Oh, hai - didn’t know this was going on, - I’ll just quote myself from here for some clarification.

To make it easier to see which bits of Star Wars are modelled on Star Wars, consider that Luke and Leia take the “Dorothy” role.

At first, Tattooine is Kansas, and Luke is Dorothy - a wistful orphan who spends his days on the arid, colourless farm of his stolid, plain folk aunt and uncle dreaming of far-off adventure. At the beginning of the action, he is led off the homestead to follow a small runaway creature. Not far from the homestead, he meets a mystic old man, and after a brief exposition, he resolves to return home to his Aunt and Uncle, who need him - however, he immediately finds that he is prevented from returning to the comfort of home by a ruinous catastrophe, and is swept up into the far-off adventure that he had dreamed of.

Later, Leia stands in for Dorothy, as the helpless heroine that needs to be rescued from the fortress of black-robed villain holding her in a cell awaiting execution. As noted upthread, the rescue is effected by our heroes wearing comically ill-fitting uniforms acquired from the guards in an off-screen scuffle.

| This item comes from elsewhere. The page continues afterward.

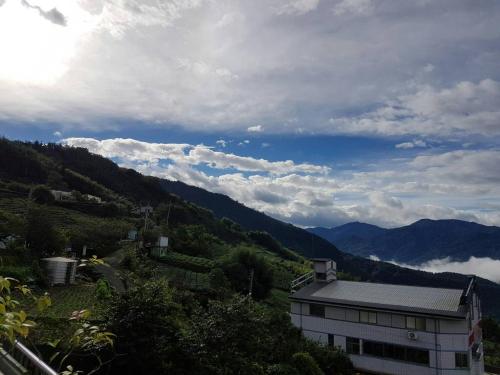 a building on a hill with mountains in the background at Ming Yang B&B in Fenchihu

If you cry foul that we have two distinct Star Wars characters standing in for Dorothy, consider that early drafts had Anakin Starkiller needing rescue from the Death Star - the princess came in a later revision.

To be clear, Lucas “cribbing from” the Wizard of Oz doesn’t mean there’s a 1:1 isomorphic relationship between the two films, just that The Wizard of Oz is one of several elements of the pastiche. There are also references that are just references for the sake of references, such as C3P0 quoting the Wicked Witch of the West’s death throes (“I’m melting, this is your fault!”) after the dogfight with the TIE fighters, or Darth Vader’s puzzled prodding of Obi-Wan’s empty Jedi robe, which references the same scene.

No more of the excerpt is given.